It's been a week of conflicting emotions for Auckland footie fans who, having dealt with the giddy joy of the Blues obtaining four points for a win, were brought back to Earth when the NRL took the same amount off the Warriors before the season had started.
It means the combined might of our professional football empires - the Blues, Warriors, and Knights - has come up with a sum of six points in competitions just completed, started and yet to begin.
The really galling part to this latest Queen City sporting tragedy is that the Warriors defence team never played an obvious trump card: that a metropolis which has endured the Knights pretending to play soccer all season has been punished severely enough.
To be fair to the Warriors defence unit, they would have been caught off guard by the NRL's rather quaint practice of holding board meetings. It must have been quite a shock, finding out what that big table and all those chairs are for.
They would also have been thrown off kilter when, after arriving in Sydney, they found out that the NRL's chief executive, David Gallop, wasn't in a secret meeting with a darts club. What kind of chief exec is he?
At the very least, Gallop should have been out and about in Sydney doing something really worthwhile, like saving Anthony Mundine's career.
But no - apparently not.
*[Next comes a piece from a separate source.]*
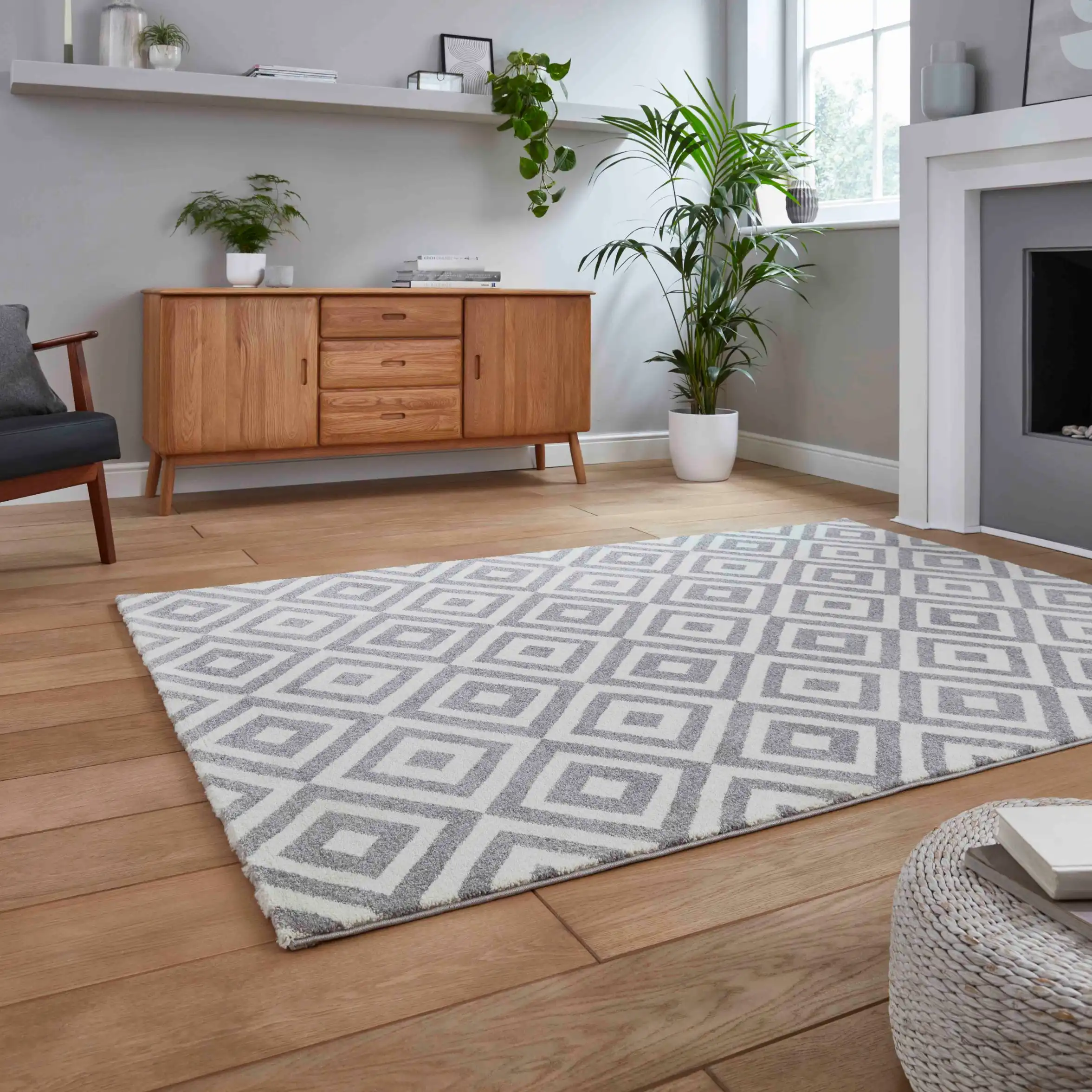 Brooklyn BRK89 Grey White Rug - Image 4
Gallop had managed to organise a hearing and a board meeting about league on the same day.
Having got over these shocks, the Warriors should have pleaded for leniency by showing up with the Auckland cricketers' scorebook, a Breakers basketballer, the Knights' game plan, a model of downtown Auckland where the street race won't be held, the Blues' blunders, and film of a lonely midget car on the Western Springs track.
With that lot thrown in, we might have got off with a bit of weeding on the weekend.
And finally ...
Who said?
* "This behaviour goes against the grain of the club and social values."
* "I think it's important they explain their actions."
You guessed it. Mick Watson, commenting on misbehaving players.